Didier William on the development of the 2022 Presentation Print, Vol:
This print shares its title with a painting of a similar composition. In Haitian Kreyol “vol” means flight. In my practice over the last few years, I have been considering different spaces and places to serve as the arena or stage for the narratives that make up my images. Most often these have included scenes depicted within bodies of water, scenes of submersion, and bodies in flight or suspended. The print depicts an idealized singular body left groundless but for bleached blue abstraction that serves as its container within the composition. On closer inspection the viewer will notice that the body is composed of carved eyes. Once close enough to make out the eye forms, they are made aware that they too have become the subject of the figures’ seemingly infinite gaze.

Artist’s Statement:
My paintings image the resultant network that is formed when myth, Afro-Caribbean history, and personal narrative combine. The carved eyes in my paintings conscript the viewer into a flamboyant narrative made deliberately queer by refusing explicit sex and gender signifiers. In order to destabilize the performance of gender as a kind of cultural evidence of sex and sexuality, my bodies are intentionally void of such indicators. Similarly, they slip out of easily racialized categories and instead insist on a circuit of active looking between them and the viewer. In a manner akin to science fiction, viewers are forced to contend with a dissociated body; a body that is cloaked, patterned, adorned, and perhaps even consumed by diversionary tactics.

Influenced by my upbringing in Miami, the places in my paintings are informed by the psychosocial spaces occupied by diaspora communities.
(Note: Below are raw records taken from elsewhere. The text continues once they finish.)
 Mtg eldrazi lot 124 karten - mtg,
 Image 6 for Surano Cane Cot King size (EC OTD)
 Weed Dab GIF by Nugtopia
My work has always engaged in imagining unconventional bodies and specifically questions black and queer identity formation.  I combine, collide, and collapse printmaking, painting, collage, and drawing materials and techniques into the surfaces of my obiects.  I draw from historical content, Haitian vodou symbolism, and personal narratives to inform not only my research but also my material choices. More recently, boundaries and edges have become camouflaged within one another.  In this way, their alternative presence both denies and reaffirms physical bodies. Their multiplicity speaks to their omnipresence and extends them into the grounds they occupy. The acts of figurative distortion, collage/patterning, and ornamentation synchronize to form a permeable membrane between the psychological body and its failed anatomy. My surfaces – where the bodies are formed through cuts, stains, and the residue of historical narratives – become sites of convergence and collision, marking both the fragility and the persistence of black humanity.
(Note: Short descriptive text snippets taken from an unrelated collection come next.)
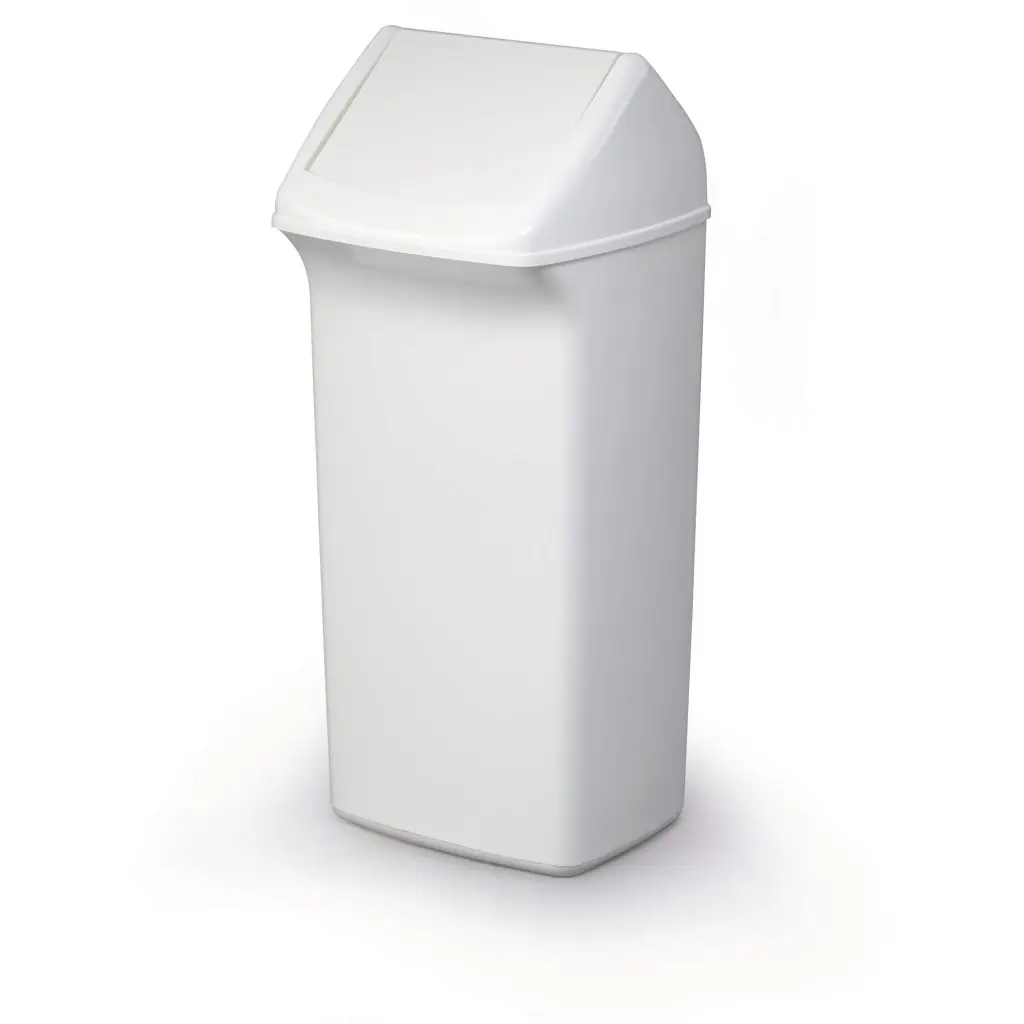 Durable DURABIN 40L Bin + White Lid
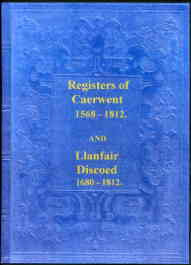 Parish Registers of Caerwent & Llanfair Discoed
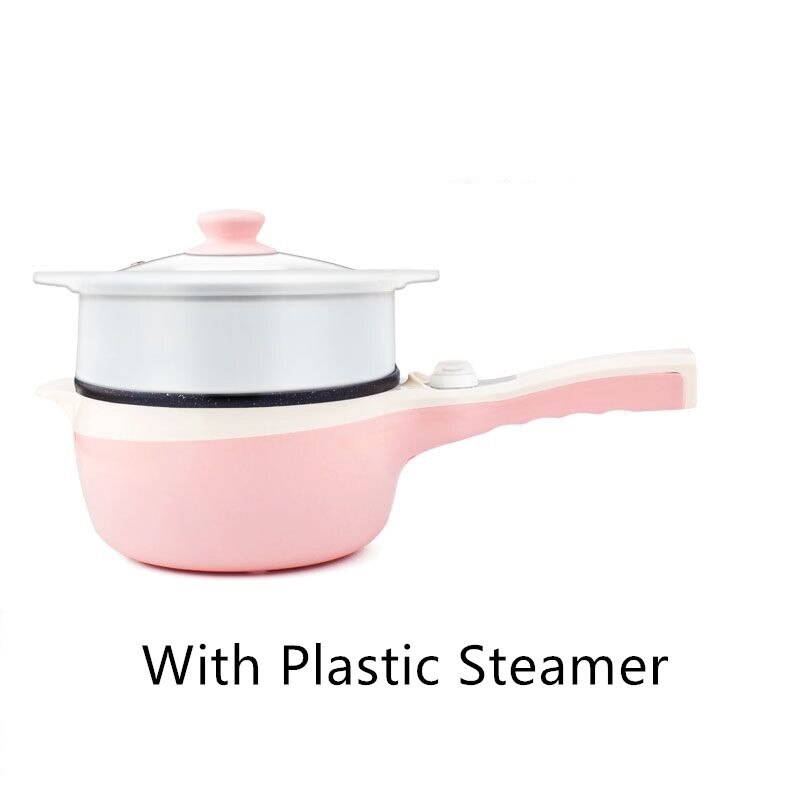 220V Mini Household Electric Automatic Pot Multifunctional Electric Cooking Machine Multi Frying Cooker EU/AU/UK/US: 3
At stake in my work is an investigation of the expansive potentials embedded in the languages of representation. The capacity for visual language to communicate something to the viewer extends so formal and conceptual ancestors: Robert Colescott, Belkis Ayon, and Helen Frankenthaler, just to name a few, understood this quite well and exploited what I would call a “thoughtful divergence” in the same painting. Marks, gestures, shapes, and surfaces remain forcefully physical and tactile even as their symbolism is embedded with cultural meaning and made textual.

As an immigrant in this country, the simultaneous histories of my birthplace and my present are constantly interwoven to build a forcefully temporal construction of home. For me this necessarily changes both the function of, and the expectations for representation. It opens up a space for magical realism, surrealism, geometric abstraction, naturalism, and even digital systems-based processes that conspire to build a more accurate, more felt, and perhaps more honest version of history.